### [Problem to work on]
Transcribe only the lines in the data below falling between the line with "Vintage 1960s budgie - 1960s, models" and the line with "A previsão é", including those two lines, and leave out any picture.

### [Dataset excerpts]
+++

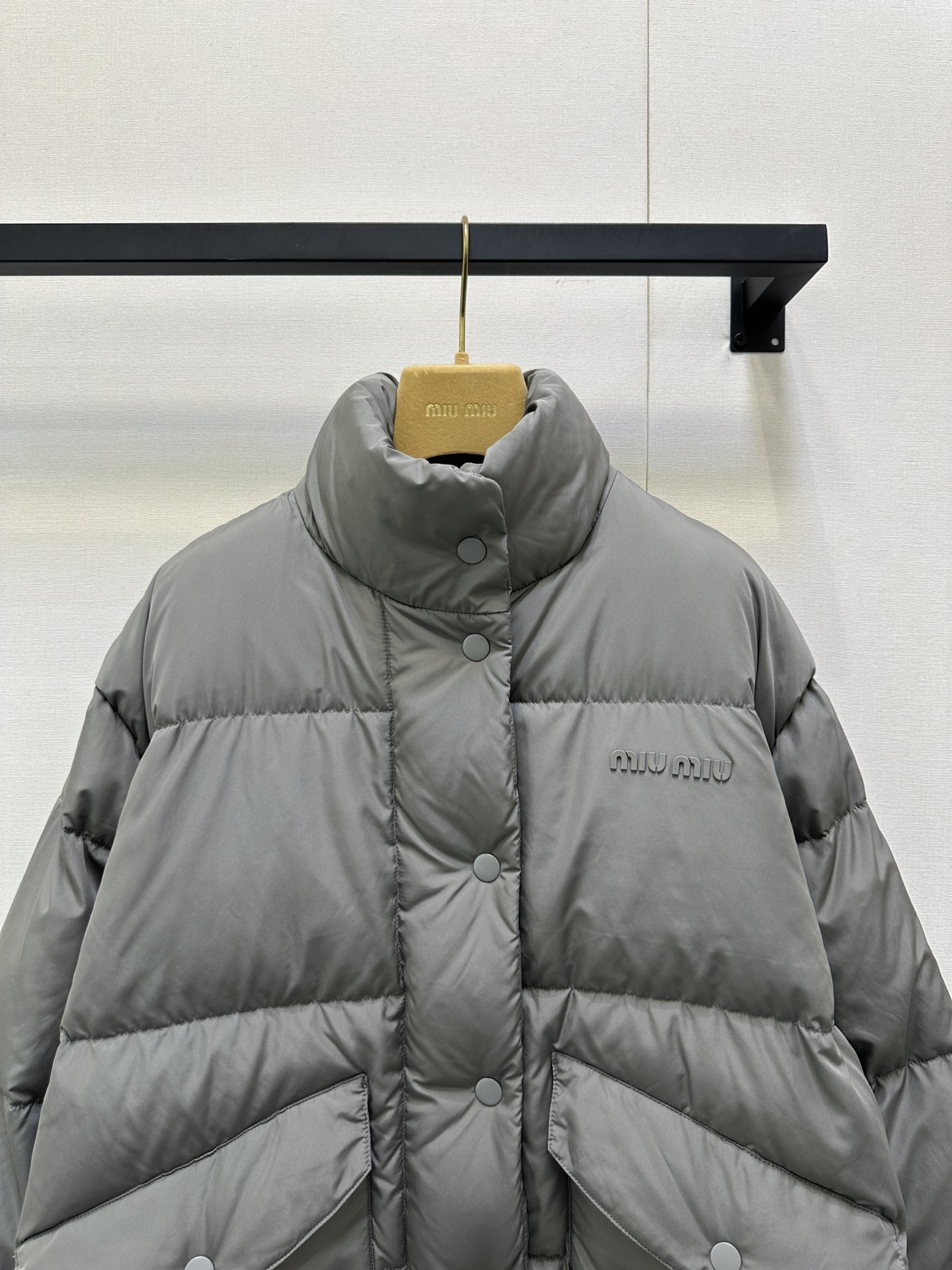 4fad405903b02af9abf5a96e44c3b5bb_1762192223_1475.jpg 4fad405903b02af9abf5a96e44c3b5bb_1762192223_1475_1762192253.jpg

+++

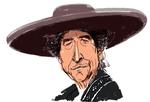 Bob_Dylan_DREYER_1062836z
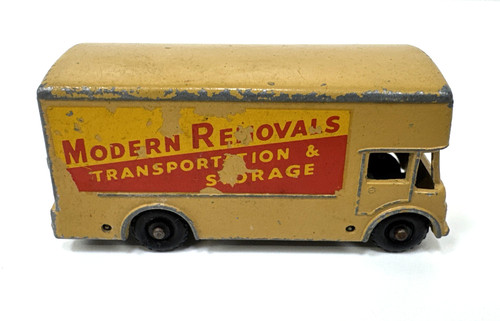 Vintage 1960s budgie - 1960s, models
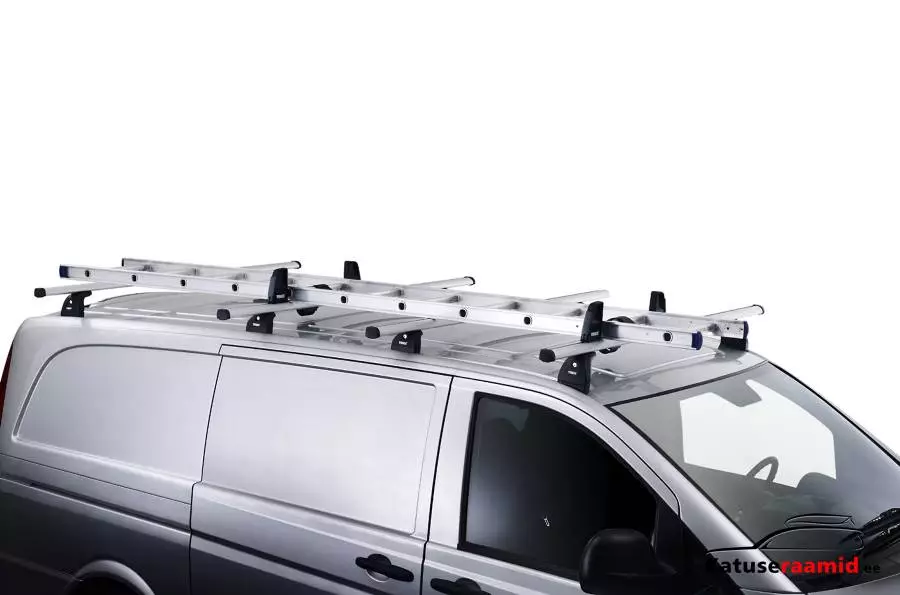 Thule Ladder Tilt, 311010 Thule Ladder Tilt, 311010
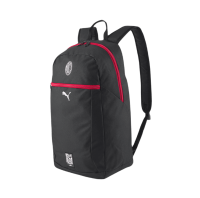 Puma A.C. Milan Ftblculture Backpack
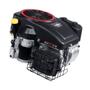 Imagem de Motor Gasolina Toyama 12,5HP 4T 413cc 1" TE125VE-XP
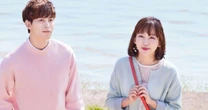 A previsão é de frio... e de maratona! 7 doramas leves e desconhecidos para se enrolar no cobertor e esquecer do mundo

+++

### [Response to this exercise]
 Vintage 1960s budgie - 1960s, models
 Thule Ladder Tilt, 311010 Thule Ladder Tilt, 311010
 Puma A.C. Milan Ftblculture Backpack
 Imagem de Motor Gasolina Toyama 12,5HP 4T 413cc 1" TE125VE-XP
 A previsão é de frio... e de maratona! 7 doramas leves e desconhecidos para se enrolar no cobertor e esquecer do mundo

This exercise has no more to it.